バイデン新大統領がホワイトハウスに入ってやっと米国の大統領も交代しましたが、新大統領就任式が出席者を制限して異例の物々しい警戒態勢の中で行われている映像は、それがどれほど不穏な空気の中で行われているのか、新政権下の米国の今後にも深い影を落として、果たして自由と民主主義の盟主の座に帰りつけるのか、そう簡単ではなさそうです。
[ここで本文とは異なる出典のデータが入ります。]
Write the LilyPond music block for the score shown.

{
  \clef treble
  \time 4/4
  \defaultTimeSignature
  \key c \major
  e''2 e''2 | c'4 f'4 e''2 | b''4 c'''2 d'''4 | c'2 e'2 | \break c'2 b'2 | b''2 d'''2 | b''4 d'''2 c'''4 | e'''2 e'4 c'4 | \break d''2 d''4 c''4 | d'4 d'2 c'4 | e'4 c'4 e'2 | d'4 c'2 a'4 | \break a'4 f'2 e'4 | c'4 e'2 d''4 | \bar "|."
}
トランプ氏は大統領選に登場した最初から、自分に不都合不利益なことは一切認めない全くの自分第一主義で、マスコミをことごとくフェイクと決めつけたりした挙句、今回の選挙戦では開票状況が思わしくなくなると不正が行われていると言い続け、米国の民主主義を根本からひっくり返してしまいました。厄介なのは開票結果から見てもトランプ氏支持者はほぼ半分近くと言えるほどで、その大部分が選挙に不正があって負けたのだと信じているとしたら、米国の分断分裂はこの先も深刻さを増してゆくのではと危惧します。
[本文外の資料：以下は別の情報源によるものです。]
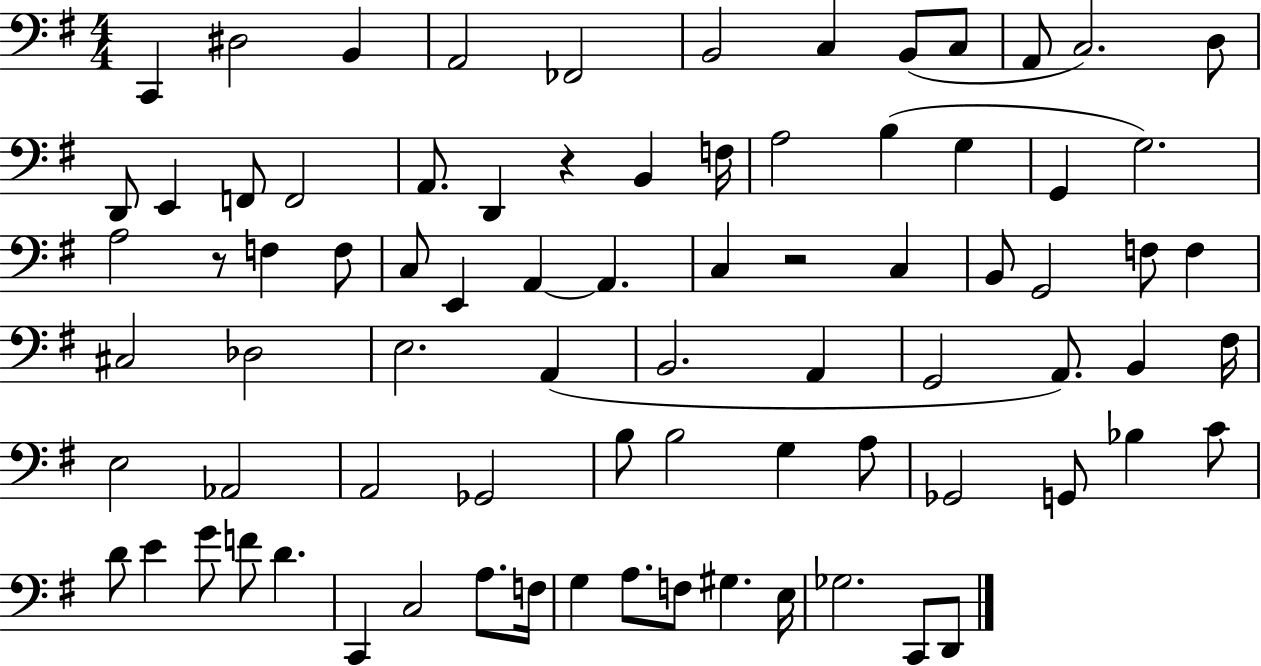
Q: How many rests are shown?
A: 3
多少の不備とかはあるにせよ、選挙そのものを信じられなくなれば民主主義は崩壊して、野蛮族の時代に逆戻りするだけです。トランプ氏は今回の大統領選で世論調査などでの自分の劣勢から、自分が負ければ選挙に不正があったと主張するとか、法廷闘争にまで持ち込むとか、最初からシナリオを描いていたように見えましたが、自分第一主義の公人資質の乏しさは国の半分近くにも達するような支持者を巻き込んで、米国も支持者も深く傷つけてしまったようです。
トランプ氏には保守岩盤層的な支持者が40%ほどいると、世論調査でもそれはずっと変わらなかったようですが、人の本性を露にするかのような言動に支持者が共鳴していたとすると、今後ともトランプ後遺症は厄介です。世界のどこの国でも自分の国が一番大切なのは基本で、その意味では自国第一主義はわざわざ言うほどのことではありませんが、これが自国が良ければ全てそれで良しとなると、世界との建設的な関係を否定する一国主義になり孤立するばかりです。経済は既に一国主義が不可能なほどに世界が連動しているし、何より地球と言う一つの星に世界の各国は共存しているのだから、気候変動とか人類が死活を賭けて直ちに
結束して取り組まなければならない危機に直面しているだから、一国主義はあり得ないはずです。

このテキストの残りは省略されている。